Eucalyptus fracta

Scientific classification
- Kingdom: Plantae
- Clade: Tracheophytes
- Clade: Angiosperms
- Clade: Eudicots
- Clade: Rosids
- Order: Myrtales
- Family: Myrtaceae
- Genus: Eucalyptus
- Species: E. fracta
- Binomial name: Eucalyptus fracta K.D.Hill

= Eucalyptus fracta =

- Genus: Eucalyptus
- Species: fracta
- Authority: K.D.Hill

Species of eucalyptus

Eucalyptus fracta is a species of tree or mallee that is endemic to a small area of New South Wales. It has hard, grey to black "ironbark" on the trunk and larger branches, smooth whitish bark above, lance-shaped adult leaves, flower buds in groups of seven, and cup-shaped fruit.

==Description==
Eucalyptus fracta is a tree or mallee that typically grows to a height of 8 m and has hard, grey to black ironbark on the trunk and branches more than 70 mm in diameter, smooth whitish bark above.

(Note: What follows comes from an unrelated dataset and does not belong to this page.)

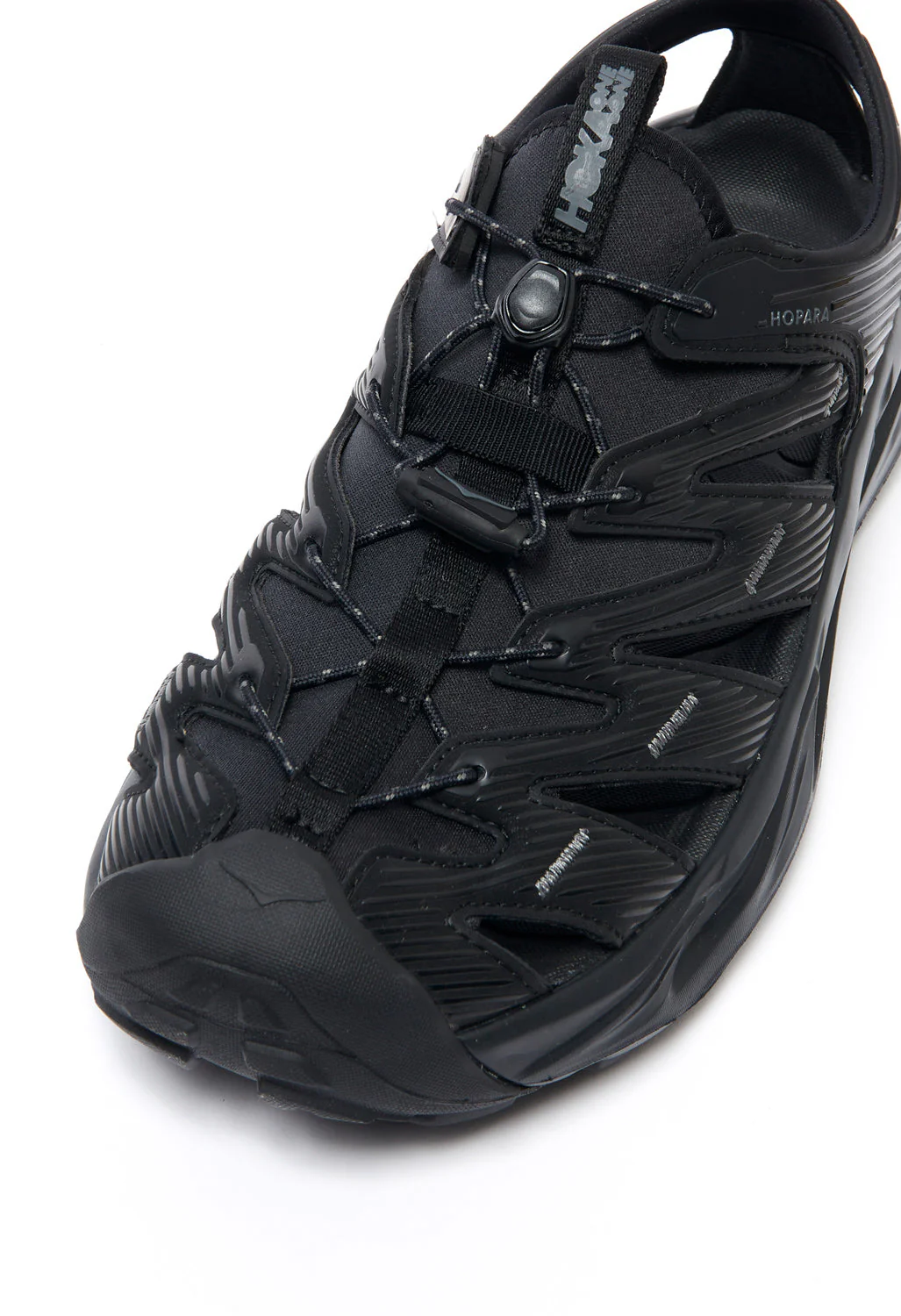 Hoka Hopara Men's Sandals - Black / Black - Image 2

Young plants have dull, bluish green, egg-shaped to more or less round leaves that are 30-60 mm long and 24-35 mm wide on a petiole 5-8 mm long. Adult leaves are the same slightly glossy greyish green on both sides, lance shaped, 70-110 mm long and 10-25 mm wide on a petiole 8-18 mm long. The flower buds are arranged in groups of seven on a branched peduncle 6-10 mm long, the individual buds on a pedicel 1-5 mm long. Mature buds are spindle-shaped, 6-8 mm long and 2-3 mm wide with a conical operculum. The fruit is a woody cup-shaped capsule 5-8 mm long and 5-7 mm wide.

==Taxonomy and naming==
Eucalyptus fracta was first described in 1997 by Ken Hill from a specimen he collected in Charmhaven with Leonie Stanberg in 1995. The description was published in the journal Telopea. The specific epithet (fracta) is a Latin word meaning "broken", a reference to the species' distribution.

==Distribution and habitat==
This eucalypt is only known from parts of the Broken Back Range near Cessnock where it grows in shallow soils on a sandstone escarpment.